Exercise objective: For the listing below, return the line containing "cm - Bild 7", the line containing "4,6,4,4,6,1! Abishek Porel", and all lines in between, exactly as written and nothing else.

Source material:
------------------------------------------------------------------------

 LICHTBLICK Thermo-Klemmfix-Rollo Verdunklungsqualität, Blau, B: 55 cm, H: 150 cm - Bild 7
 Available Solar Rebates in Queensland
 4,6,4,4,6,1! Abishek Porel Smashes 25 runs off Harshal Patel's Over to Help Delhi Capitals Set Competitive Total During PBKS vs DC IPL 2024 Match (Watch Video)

------------------------------------------------------------------------

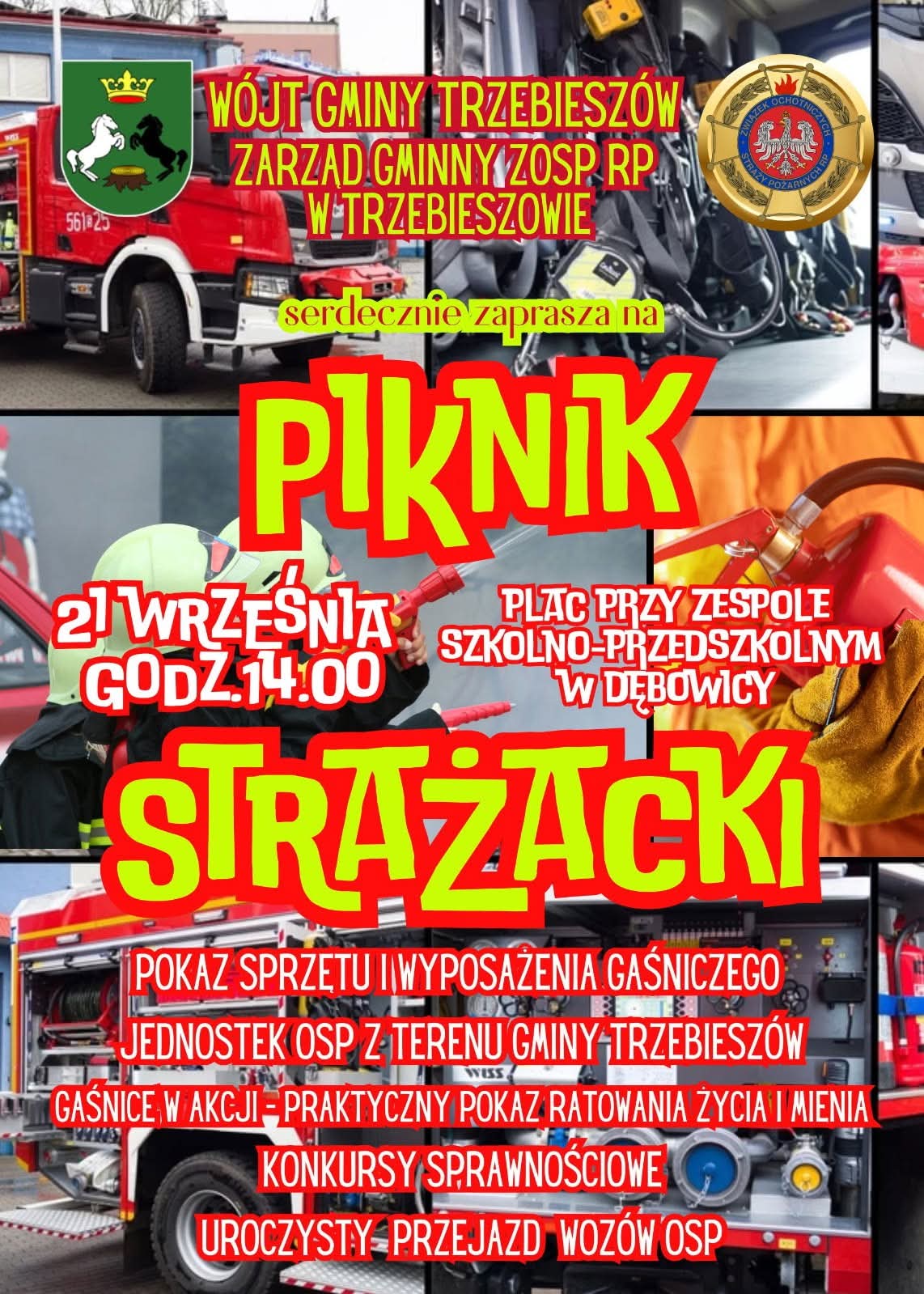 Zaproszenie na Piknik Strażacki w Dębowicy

------------------------------------------------------------------------

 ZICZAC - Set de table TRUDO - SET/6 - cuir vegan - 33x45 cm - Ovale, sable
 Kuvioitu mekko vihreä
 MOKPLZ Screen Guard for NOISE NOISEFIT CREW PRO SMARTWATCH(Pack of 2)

------------------------------------------------------------------------

The answer:
 LICHTBLICK Thermo-Klemmfix-Rollo Verdunklungsqualität, Blau, B: 55 cm, H: 150 cm - Bild 7
 Available Solar Rebates in Queensland
 4,6,4,4,6,1! Abishek Porel Smashes 25 runs off Harshal Patel's Over to Help Delhi Capitals Set Competitive Total During PBKS vs DC IPL 2024 Match (Watch Video)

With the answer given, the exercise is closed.